人通りの少ない裏道を歩いて行くと三叉路に出た。その角に、ひとりの若い警官と若い女性が立っていた。女性が軽やかな口調で警官に話しをしていたので「お友達なんだろうなあ」と思った。
警官が「じゃあ、そろそろ行きましょうか」「あっ、その前にお名前を教えて頂けますか」と尋ねた。友だちではない、職質? 若い女性は手足をふらふら動かしながらご機嫌な様子で答えた「サワジリ・エリカ!」、警官は苦笑い。
私はふたりの横を通り過ぎて右手方向に曲がった。後ろから「サワジリ・エリカ!」という女性の声が4〜5回聞こえてきた。思わず笑ってしまった。同姓同名は何人もいると思う。でも、何故か彼女の名前は違うような気がするのである。
浅草寺・雷門の大提灯を背にまっすぐ歩いて行くと右手に美味しいお蕎麦屋さんがあると、午前中に電話で話した友人が教えてくれた。その言葉通りに歩いていくと確かにお蕎麦屋さんがあった。表向きは普通の店構えであるが、大正2年創業の老舗とのこと。
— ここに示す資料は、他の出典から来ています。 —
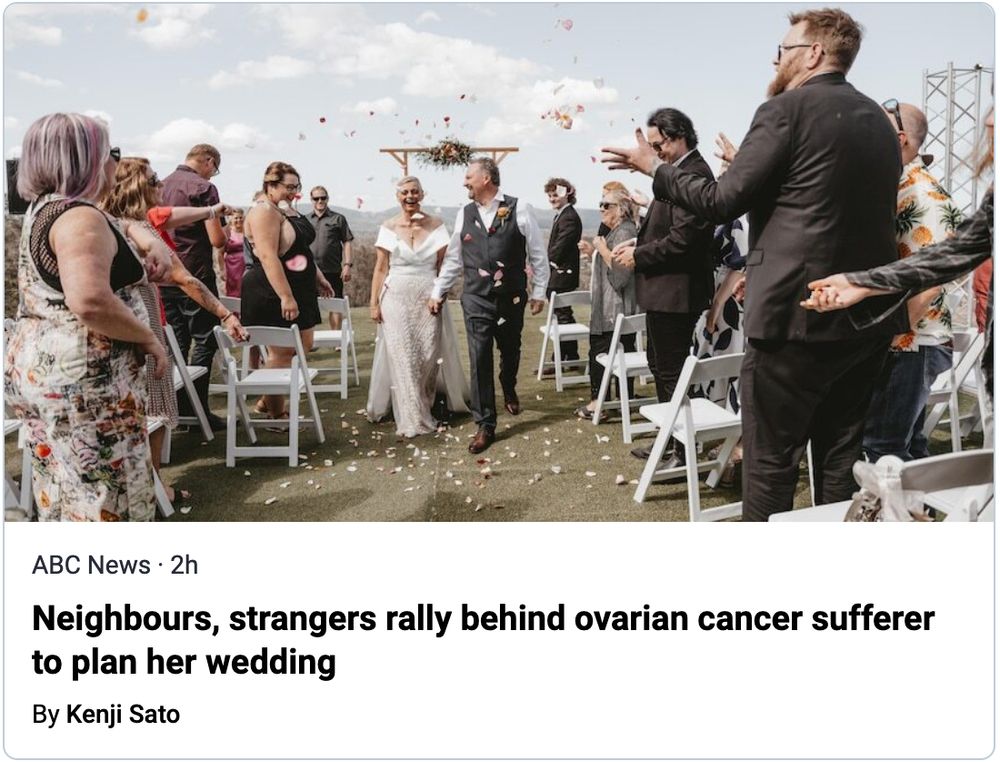 Happy bride and groom walk between guests at an outdoor wedding. 
ABC News article: Neighbours, strangers rally behind ovarian cancer sufferer to plan her wedding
お蕎麦屋さんを通り過ぎて駒形橋を渡り本所吾妻橋駅方面へ歩いて行くと塩パン屋さんがある。前回、まだ暑くなる前に来た時には長蛇の列だったので諦めたが、今日はなぜか2〜3人しか待っていない。当分来ることはないと思い列に並んだ。私はここのサツマイモ塩パンが好きである、それとメロン塩パンを初めて買ってみる。これが大正解!
少し歩いて今度は吾妻橋を渡って浅草の松屋方面へ。天ぷら屋さんで冷やしたぬきうどん用の揚げ玉を買いたいのだが、夏の間はいつ行っても品切れ。今日も諦めていたのだが1袋だけ残っていた。「いつもは午前中に売り切れるんですよ。今日はどうしたことか1袋だけ残っていて、どうしたんだろうと思っていたんです。きっと、お客さん(私)を持っていたんですね」と嬉しいことを言って下さる。
松屋の近く、新仲見世の入口の角に宝くじ屋さんがある。今朝の会話で友人が宝くじの話しをしていたのを思い出した。友人曰く「当たるのは1枚だけ、1枚買えばいいの」。今日は一粒万倍日と大安が重なった日とのことで、5~6人の列が出来ていたが「縁起の良い偶然」だと思い1枚買う。
友人の電話から始まり、時々、友人の言葉を思い浮かべながら散歩した土曜日。
このように平穏な日は常にあるようで、実はそうでもない。貴重な一日だった。